Da es manchmal in den Frauenart-Salons das Gefühl gab, dass man einen Aspekt noch weiter hätte vertiefen können, weil er vielleicht auch die männliche Seite betraf, formte sich bei mir schnell die Idee einer Männerart-Salonage zu Themen, die das aktuelle und sich wandelnde Männerbild umreißen. Dieser erste Männerart-Abend am 18.11. ist ein Auftakt, um anfänglich auch mal Männerthemen zu hinterfragen. Diesmal fragen wir uns: Was ist eigentlich toxische Männlichkeit? Wie verändert sich das traditionelle Männerbild gesellschaftlich? Was bedeutet es heutzutage, Mann zu sein? Gibt es Unsicherheiten, aber auch ein modernes männliches Idealbild? Autoren wie Björn Kuhligk, Klaus Ungerer, Andreas Baum und Michael Wäser, der Collagist und Autor Daniel Boente sowie die Musiker der Hip Hop/Trap–Crew OSTBERLIN ANDROGYN beleuchten alte und neue Bilder von Männlichkeit aus unterschiedlichen kreativen Blickwinkeln und Herangehensweisen. Gemeinsam zeigen wir verschiedene Perspektiven auf und bieten Denkanstöße.

Wie hat sich das Männerbild deiner Meinung nach in den letzten Jahren verändert?

Ich finde, ein Wandel ist auf allen Ebenen des gesellschaftlichen Zusammenlebens zu spüren, in Erwerbsarbeit, Verteilung von Care-Arbeit, Familie, Sexualität und Erziehung. Das hypermaskuline Bild à la Westernheld oder alter James Bond-Darstellungen hat ausgedient und wirkt antiquiert. Moderne Männer zeigen verletzliche Seiten, verbalisieren Emotionen jenseits von Wut und Aggression, teilen Kinder-, Haushalt- und Familienbelange wie auch die Karriereplätze und bleiben trotzdem Mann dabei. Auch Männer müssen ihre Rolle neu definieren. Das ist ein Prozess.
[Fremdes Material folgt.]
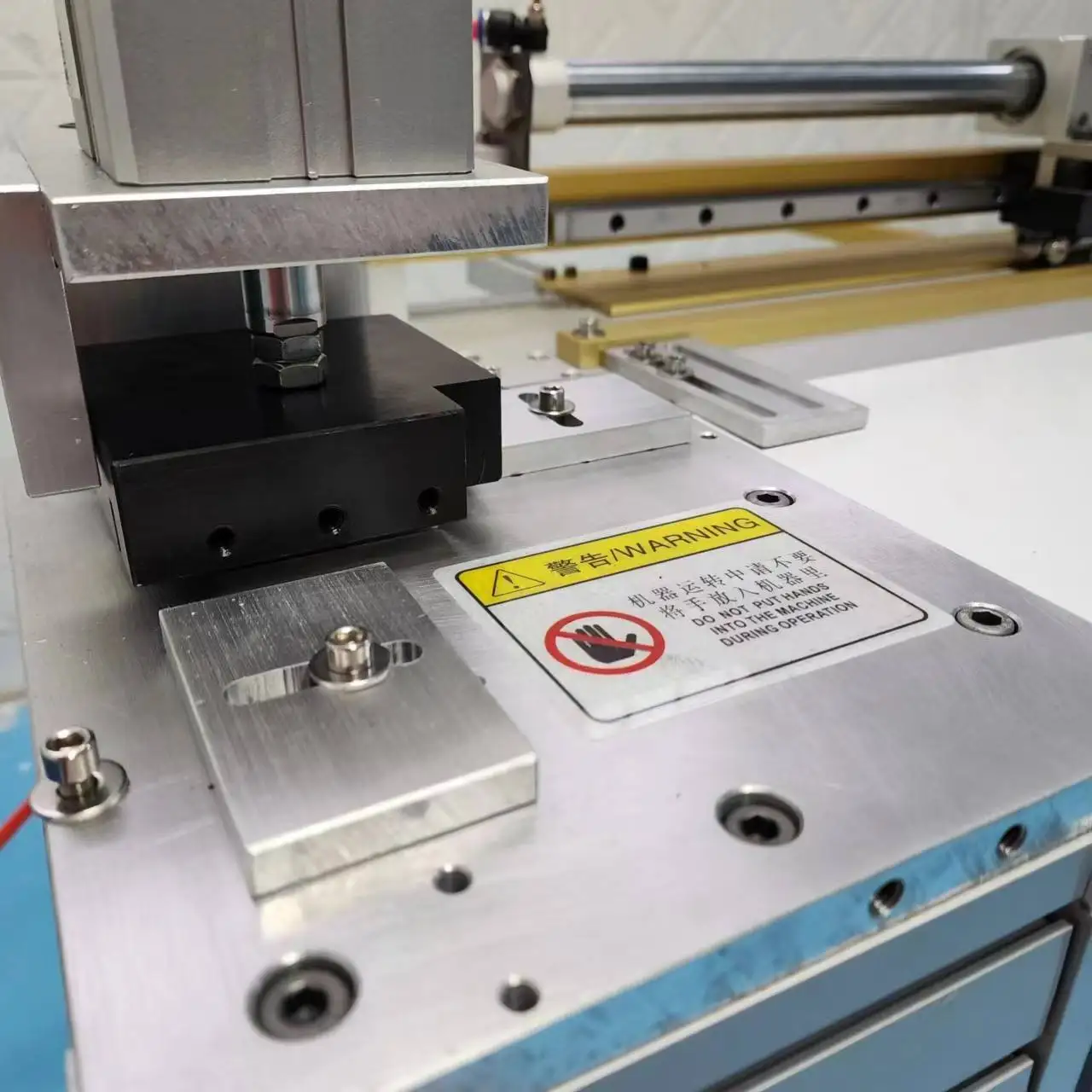 

2026 Semi-Auto V Grooving Machine Cardboard Corner Cutter Pneumatic Die-Cutting Rigid Box Making Machine Small Box Slotting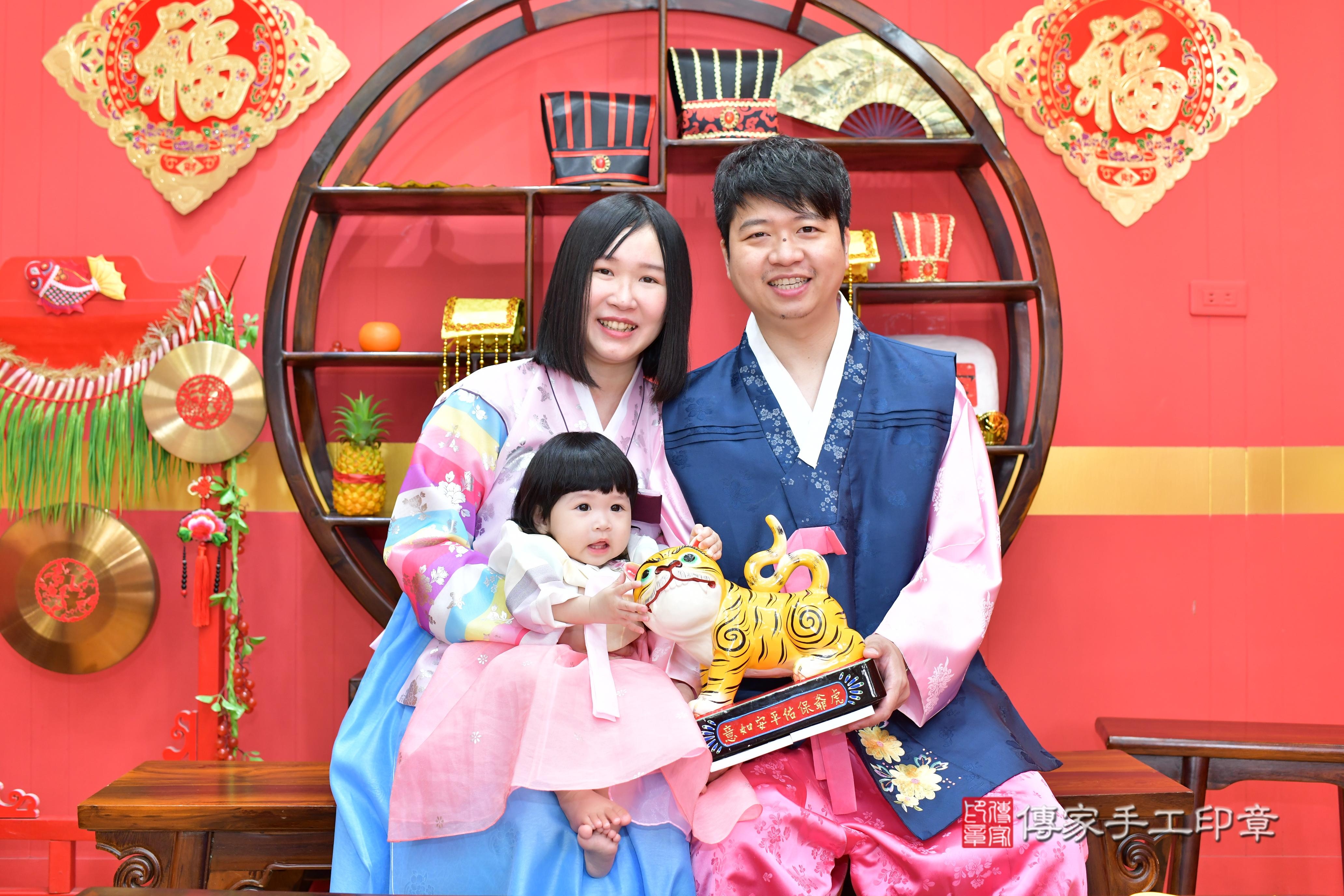 傳家手工印章桃園店、抓周、度脺、美式風會場、傳家嬰兒古禮、吉祥話、抓周道具物品24種、拍照。抓周證書。寶寶抓周、滿周歲、生日快樂、祝福 傳家手工印章桃園店、抓周、度脺、美式風會場、傳家嬰兒古禮、吉祥話、抓周道具物品24種、拍照。抓周證書。寶寶抓周、滿周歲、生日快樂、祝福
Aber natürlich bringt jeder Prozess Herausforderungen mit sich und dementsprechend Unsicherheiten, Wut oder Hass wie in Gegenbewegungen von Antifeministen, Maskulinisten, Incels, Pick-up-Artists und Menschen, die von Gender-Diktat sprechen.
Gesellschaftlicher Wandel kann meines Erachtens nur gelingen, wenn gesprochen und kommuniziert wird. Wir müssen versuchen, Grenzen zu überwinden, die uns im Kleinen wie im Großen trennen, indem wir miteinander ins Gespräch kommen, Unsicherheiten ansprechen und Gleichberechtigung aushandeln. Das birgt Chancen und Entlastung für alle Seiten. Gerade für Menschen in traditionellen, starren und häufig krankmachenden Genderrollen bedeutet ein freieres Rollenbild eine große Erleichterung.

Hat die Veranstaltung vielleicht auch das Zeug, zu einer Reihe ausgebaut zu werden? Oder wie sehen Deine Pläne fürs das kommende Jahr aus?

Meine Pläne für 2023 sehen erst einmal so aus, dass ich mich schon sehr vorfreudig in die Fortführung der Frauenart-Salonage stürze. Derzeit plane ich ein Konzept für 2024/25, das aber noch recht unausgereift ist. Nur so viel kann verraten sein: Ich freue mich auf viele tolle Künstler*innen, noch mehr Austausch und kreative Gedankenimpulse in der Berliner Salonage.